# Forum Demographics



## mr drinky (Aug 11, 2011)

I'm sitting in the Amsterdam airport and you have a real-time reminder of who lives abroad (ecchef, Darkhoek, toek, oivind, maxim etc.), the rest of you online don't have an excuse 

But that also got me thinking: Are there any women on this forum? I think someone signed up as Rachael Ray to raz Dave, so at least someone is pretending to be a woman.

k.


----------



## toek (Aug 11, 2011)

i can pretend to be female if it makes you happy =)


----------



## mr drinky (Aug 11, 2011)

Nothing would make me happier, toek. And does that mean your next knife is a 5 1/2 inch santoku?

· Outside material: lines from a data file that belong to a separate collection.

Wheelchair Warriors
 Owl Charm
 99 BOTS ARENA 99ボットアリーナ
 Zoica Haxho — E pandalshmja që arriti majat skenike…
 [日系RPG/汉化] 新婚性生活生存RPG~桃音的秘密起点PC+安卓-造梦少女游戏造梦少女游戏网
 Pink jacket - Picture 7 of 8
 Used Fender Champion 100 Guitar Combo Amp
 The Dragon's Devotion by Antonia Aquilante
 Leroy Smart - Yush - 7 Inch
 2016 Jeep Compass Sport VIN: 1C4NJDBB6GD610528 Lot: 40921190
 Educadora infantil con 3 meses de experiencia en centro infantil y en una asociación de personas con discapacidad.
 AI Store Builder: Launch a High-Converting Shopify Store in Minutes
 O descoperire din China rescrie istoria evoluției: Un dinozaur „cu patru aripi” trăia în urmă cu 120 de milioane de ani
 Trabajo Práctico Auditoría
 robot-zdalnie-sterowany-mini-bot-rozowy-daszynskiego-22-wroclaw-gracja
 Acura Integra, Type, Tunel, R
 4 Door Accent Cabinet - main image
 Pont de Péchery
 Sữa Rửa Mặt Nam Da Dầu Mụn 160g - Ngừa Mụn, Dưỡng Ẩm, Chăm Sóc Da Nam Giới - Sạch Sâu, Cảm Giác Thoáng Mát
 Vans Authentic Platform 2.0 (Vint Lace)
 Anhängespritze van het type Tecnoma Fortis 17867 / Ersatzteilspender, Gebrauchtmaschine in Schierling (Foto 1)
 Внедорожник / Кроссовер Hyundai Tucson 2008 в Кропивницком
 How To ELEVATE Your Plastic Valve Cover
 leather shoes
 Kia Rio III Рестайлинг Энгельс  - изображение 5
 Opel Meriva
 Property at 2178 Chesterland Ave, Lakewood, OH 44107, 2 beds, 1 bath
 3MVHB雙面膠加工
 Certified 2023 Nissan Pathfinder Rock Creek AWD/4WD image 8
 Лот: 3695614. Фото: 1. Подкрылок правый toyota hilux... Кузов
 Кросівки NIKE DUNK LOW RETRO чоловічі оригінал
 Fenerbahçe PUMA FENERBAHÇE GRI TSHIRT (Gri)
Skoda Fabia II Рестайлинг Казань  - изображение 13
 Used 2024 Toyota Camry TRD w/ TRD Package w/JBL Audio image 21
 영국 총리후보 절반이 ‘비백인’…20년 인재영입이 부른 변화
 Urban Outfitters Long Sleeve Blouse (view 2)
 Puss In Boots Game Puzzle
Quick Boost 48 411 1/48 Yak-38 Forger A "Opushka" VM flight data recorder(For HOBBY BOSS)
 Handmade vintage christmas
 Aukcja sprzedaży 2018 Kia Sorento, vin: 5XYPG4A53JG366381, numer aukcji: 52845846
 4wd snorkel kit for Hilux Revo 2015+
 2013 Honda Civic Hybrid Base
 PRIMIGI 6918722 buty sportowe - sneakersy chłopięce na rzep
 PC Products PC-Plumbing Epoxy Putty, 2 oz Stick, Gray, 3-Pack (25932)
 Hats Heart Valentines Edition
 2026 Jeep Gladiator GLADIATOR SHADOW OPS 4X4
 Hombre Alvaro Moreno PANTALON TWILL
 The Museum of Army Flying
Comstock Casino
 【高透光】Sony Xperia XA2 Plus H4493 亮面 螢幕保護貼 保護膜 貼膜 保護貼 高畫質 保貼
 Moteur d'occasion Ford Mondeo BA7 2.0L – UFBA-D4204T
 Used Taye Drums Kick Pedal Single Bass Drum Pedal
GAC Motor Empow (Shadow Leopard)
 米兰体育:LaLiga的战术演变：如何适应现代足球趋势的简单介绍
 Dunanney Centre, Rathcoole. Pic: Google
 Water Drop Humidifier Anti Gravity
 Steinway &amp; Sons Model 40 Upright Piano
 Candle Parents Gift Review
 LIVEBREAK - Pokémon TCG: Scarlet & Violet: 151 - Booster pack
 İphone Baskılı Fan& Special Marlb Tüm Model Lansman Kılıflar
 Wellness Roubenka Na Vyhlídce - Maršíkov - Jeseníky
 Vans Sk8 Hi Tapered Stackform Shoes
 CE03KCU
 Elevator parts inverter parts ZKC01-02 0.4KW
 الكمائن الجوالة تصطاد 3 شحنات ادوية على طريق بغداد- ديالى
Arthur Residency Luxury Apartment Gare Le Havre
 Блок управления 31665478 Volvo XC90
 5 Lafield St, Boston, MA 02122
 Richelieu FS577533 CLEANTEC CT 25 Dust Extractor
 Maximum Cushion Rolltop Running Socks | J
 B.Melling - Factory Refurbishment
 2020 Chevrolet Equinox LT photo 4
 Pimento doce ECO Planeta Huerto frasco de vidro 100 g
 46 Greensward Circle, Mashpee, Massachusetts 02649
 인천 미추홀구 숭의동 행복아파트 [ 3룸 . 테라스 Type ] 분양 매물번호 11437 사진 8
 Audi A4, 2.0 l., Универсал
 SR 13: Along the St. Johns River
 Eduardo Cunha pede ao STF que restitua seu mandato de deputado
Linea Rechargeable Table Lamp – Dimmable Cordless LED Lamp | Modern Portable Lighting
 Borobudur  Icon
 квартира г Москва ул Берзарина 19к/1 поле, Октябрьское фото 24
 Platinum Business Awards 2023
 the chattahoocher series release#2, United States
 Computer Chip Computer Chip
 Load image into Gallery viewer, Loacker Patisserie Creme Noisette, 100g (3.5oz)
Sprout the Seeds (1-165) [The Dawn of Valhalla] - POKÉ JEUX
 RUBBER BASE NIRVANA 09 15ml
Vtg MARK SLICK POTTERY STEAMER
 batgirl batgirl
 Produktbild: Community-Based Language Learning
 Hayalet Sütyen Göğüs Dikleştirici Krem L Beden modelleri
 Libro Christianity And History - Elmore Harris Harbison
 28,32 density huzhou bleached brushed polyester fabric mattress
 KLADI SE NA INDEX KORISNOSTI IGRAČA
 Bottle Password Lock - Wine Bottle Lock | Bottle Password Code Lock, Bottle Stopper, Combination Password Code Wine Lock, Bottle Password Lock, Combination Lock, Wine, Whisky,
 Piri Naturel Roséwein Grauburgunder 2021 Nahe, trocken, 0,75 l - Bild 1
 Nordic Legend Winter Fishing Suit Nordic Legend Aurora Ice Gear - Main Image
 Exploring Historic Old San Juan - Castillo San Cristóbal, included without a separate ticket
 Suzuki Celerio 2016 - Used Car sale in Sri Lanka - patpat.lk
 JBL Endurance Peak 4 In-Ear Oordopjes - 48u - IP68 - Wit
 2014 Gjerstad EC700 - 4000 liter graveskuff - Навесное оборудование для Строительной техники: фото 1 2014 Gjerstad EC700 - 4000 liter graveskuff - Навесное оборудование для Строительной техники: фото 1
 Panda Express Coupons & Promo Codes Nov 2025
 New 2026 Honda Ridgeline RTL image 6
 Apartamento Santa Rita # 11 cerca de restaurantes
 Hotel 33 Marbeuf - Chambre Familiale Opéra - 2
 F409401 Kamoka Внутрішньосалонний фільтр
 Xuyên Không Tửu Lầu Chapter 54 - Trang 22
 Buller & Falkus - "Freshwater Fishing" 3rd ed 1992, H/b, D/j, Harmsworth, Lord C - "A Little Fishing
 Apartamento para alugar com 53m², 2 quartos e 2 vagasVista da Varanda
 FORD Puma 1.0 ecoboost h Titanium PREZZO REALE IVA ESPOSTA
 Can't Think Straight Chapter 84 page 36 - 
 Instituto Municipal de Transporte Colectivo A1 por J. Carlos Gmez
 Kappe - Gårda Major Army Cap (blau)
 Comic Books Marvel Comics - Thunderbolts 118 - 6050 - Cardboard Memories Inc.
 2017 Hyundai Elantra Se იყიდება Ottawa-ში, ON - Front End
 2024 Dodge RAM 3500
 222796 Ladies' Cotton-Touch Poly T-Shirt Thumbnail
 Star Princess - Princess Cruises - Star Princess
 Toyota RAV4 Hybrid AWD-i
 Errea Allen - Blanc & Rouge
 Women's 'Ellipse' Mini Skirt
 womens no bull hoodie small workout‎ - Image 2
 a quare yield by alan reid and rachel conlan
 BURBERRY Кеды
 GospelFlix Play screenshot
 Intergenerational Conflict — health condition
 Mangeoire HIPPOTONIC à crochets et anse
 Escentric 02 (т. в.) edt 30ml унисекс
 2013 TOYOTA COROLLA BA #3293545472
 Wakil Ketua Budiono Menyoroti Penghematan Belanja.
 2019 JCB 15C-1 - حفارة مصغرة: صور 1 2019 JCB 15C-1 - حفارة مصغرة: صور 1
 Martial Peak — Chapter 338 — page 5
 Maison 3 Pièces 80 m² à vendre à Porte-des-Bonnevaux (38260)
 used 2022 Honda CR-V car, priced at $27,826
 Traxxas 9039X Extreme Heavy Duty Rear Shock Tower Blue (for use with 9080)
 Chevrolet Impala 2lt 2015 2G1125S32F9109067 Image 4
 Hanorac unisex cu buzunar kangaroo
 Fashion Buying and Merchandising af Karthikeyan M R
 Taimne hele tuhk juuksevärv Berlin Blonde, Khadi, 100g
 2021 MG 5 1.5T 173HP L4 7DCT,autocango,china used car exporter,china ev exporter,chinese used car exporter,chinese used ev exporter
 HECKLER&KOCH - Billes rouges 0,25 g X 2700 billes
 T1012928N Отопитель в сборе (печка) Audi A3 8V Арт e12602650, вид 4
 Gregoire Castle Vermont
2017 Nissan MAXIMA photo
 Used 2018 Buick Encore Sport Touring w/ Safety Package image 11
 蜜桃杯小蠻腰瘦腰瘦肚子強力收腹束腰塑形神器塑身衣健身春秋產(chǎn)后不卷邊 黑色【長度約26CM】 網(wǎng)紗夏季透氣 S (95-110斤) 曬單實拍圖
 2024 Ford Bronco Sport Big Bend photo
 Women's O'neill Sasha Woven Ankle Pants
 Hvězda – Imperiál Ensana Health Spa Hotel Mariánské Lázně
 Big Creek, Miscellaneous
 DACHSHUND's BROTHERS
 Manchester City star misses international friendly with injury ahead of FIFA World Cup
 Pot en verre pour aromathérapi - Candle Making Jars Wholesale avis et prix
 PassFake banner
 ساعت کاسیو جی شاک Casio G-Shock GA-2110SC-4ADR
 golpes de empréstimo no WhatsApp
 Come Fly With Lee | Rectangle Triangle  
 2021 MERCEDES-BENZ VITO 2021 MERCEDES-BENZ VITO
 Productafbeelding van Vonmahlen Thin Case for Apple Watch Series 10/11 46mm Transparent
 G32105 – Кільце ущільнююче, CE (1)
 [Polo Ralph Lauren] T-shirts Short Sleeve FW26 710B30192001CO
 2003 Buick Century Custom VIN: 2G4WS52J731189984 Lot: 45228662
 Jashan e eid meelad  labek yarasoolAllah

* I figure some stereotypes should shake the bush a bit.

k.


----------



## toek (Aug 11, 2011)

Actually my first knife was a santoku...:O


----------



## 99Limited (Aug 11, 2011)

I've wondered where the women are myself. There has to be some pros with excellent knife skills and a work kit worthy of showing off. Maybe they don't want to get tied up with a bunch of knuckle heads. The only woman I've ever heard mention was Pam at FF or Chowhound, I don't remember which forum. I think we need some women to put us back in our place when we get out of line.


----------



## Eamon Burke (Aug 11, 2011)

I've been wondering this for months, and almost made a post with this exact title! I didn't want to offend anyone, and I'm not sure what does and doesn't these days.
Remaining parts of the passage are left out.